→ **TASK INSTRUCTIONS**: The required output is a verbatim transcription of the listing, pictures excluded.

→ **MATERIAL PROVIDED**:
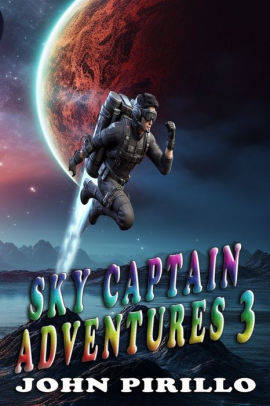 SKY CAPTAIN 3 AVENTURES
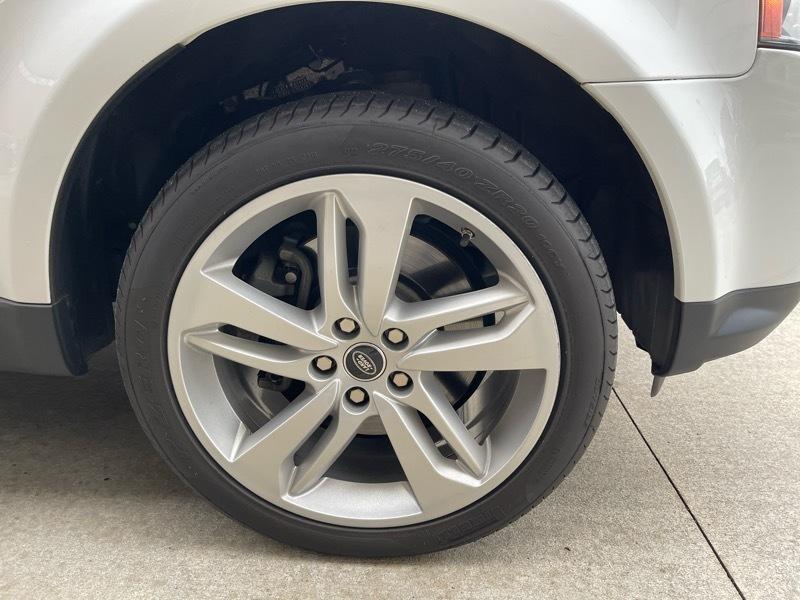 Land Rover Range Rover Sport HSE 2013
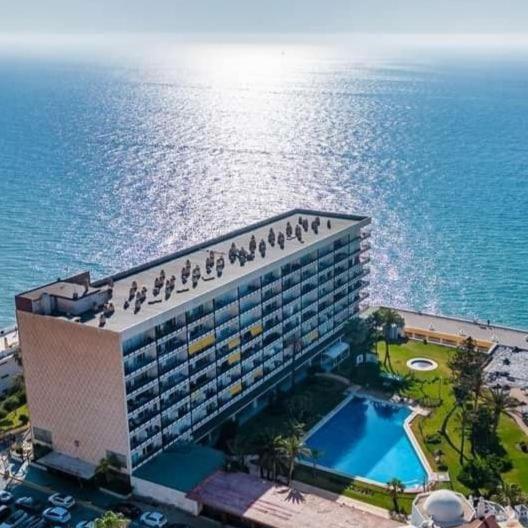 Apartment Castillo Santa Clara Estudio Con Vistas Laterales Al Mar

→ **FINAL ANSWER**:
 SKY CAPTAIN 3 AVENTURES
 Land Rover Range Rover Sport HSE 2013
 Apartment Castillo Santa Clara Estudio Con Vistas Laterales Al Mar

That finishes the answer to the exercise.